Singapore pairs up with foreign medical tech giant in fight against diabetes

Dr. Koh Pon Koon (centre), Minister of State, Ministry of Trade and Industry, trying the iDriveTM Ultra Powered Stapling System, as Medtronic's President of Asia Pacific Bob White (right) looks on.
Dr. Koh Pon Koon (centre), Minister of State, Ministry of Trade and Industry, trying the iDriveTM Ultra Powered Stapling System, as Medtronic's President of Asia Pacific Bob White (right) looks on.

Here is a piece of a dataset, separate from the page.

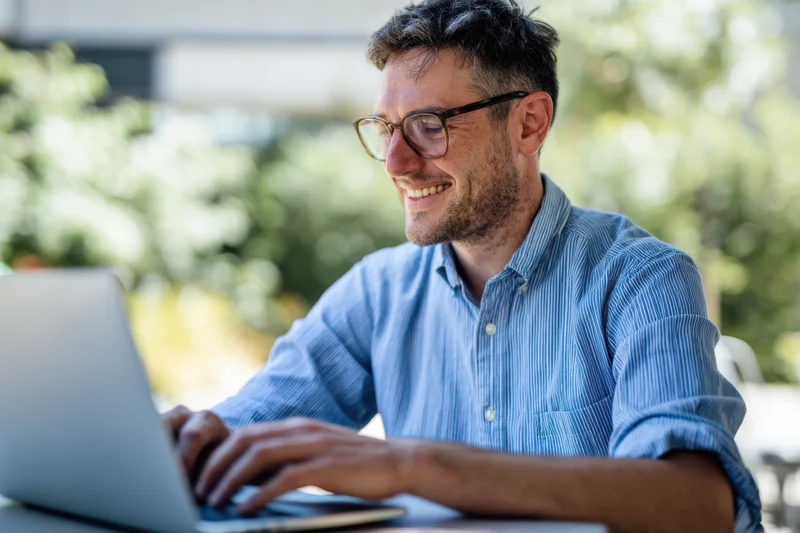 Man smiling while typing on laptop outdoors in casual setting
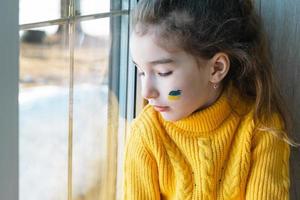 un niño triste mira la ventana con la bandera de ucrania pintada en la mejilla, preocupaciones y miedo. ayuda humanitaria a los niños, paz mundial, seguridad. foto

PHOTO: MEDTRONIC

SINGAPORE- Singapore's "war on diabetes" received a shot in the arm on Tuesday (May 31) when public healthcare group Singhealth signed a Memorandum of Understanding (MOU) with medical technology giant Medtronic International Limited to develop Singapore as a base for tackling the chronic disease across South-east Asia.

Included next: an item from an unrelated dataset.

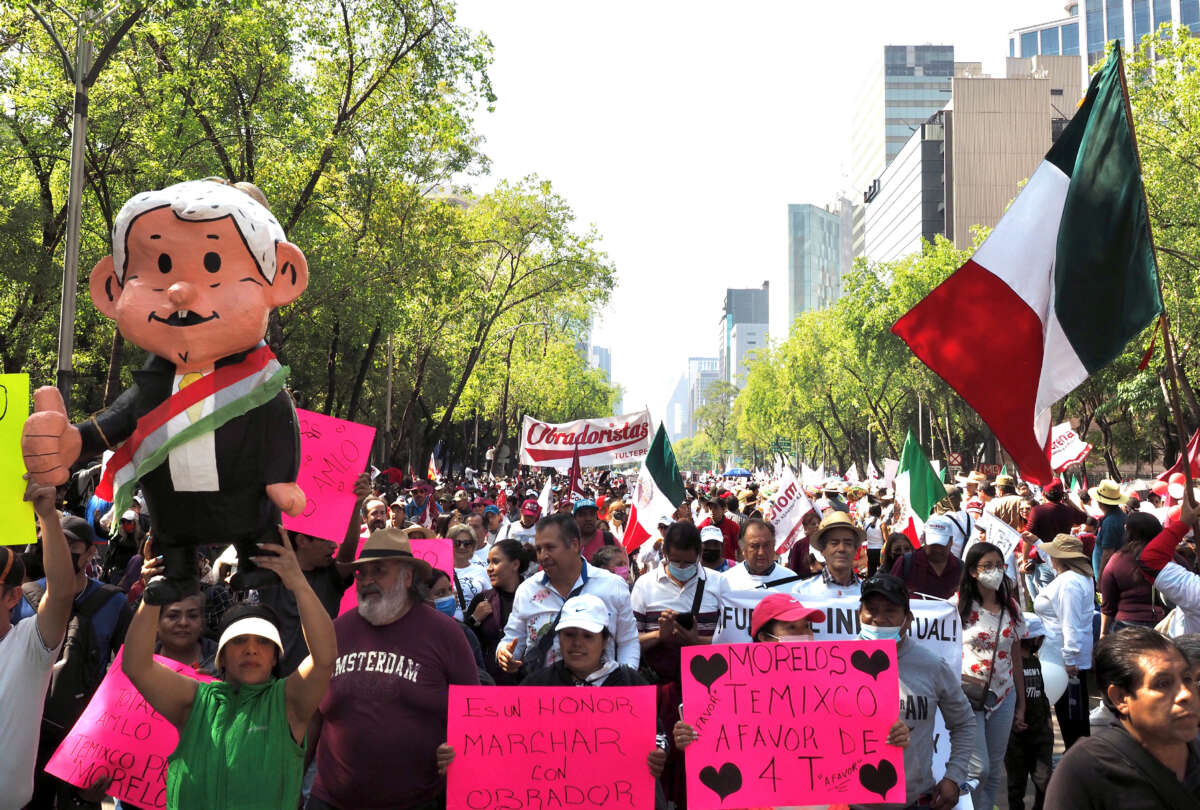 A crowd of supporters of Mexican President Andrés Manuel López Obrador march down Mexico City’s Paseo de la Reforma during a demonstration to celebrate his government’s accomplishments in the four years since the start of his presidency, November 27, 2022.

The MOU listed four key areas of cooperation: clinical research; the wider adoption of treatment devices; training of service personnel from doctors to nurses; and patient awareness.

This comes after the Ministry of Health (MOH) publicly declared war on an illness that is costing the country more than $1 billion a year to deal with. There are more than 400,000 diabetics in Singapore today, with one in three not even knowing that he has the disease, The Straits Times reported in April.

Dr Bee Yong Mong, who heads the SingHealth Duke-NUS diabetes centre, predicted that "the problem is only going to get worse", pointing to more sedentary lifestyles.

"In addition to an ageing population, we will also see more young diabetic cases. We need to know our enemy well," he added.

Medtronic's President of Asia Pacific Bob White agreed with Dr Bee: "The earlier the illness is diagnosed, the more effective and less costly the treatment will be."

Before the signing ceremony, Medtronic, whose headquarters is in Ireland, also announced the opening of its new Asia Pacific regional headquarters in Mapletree Business City in Pasir Panjang.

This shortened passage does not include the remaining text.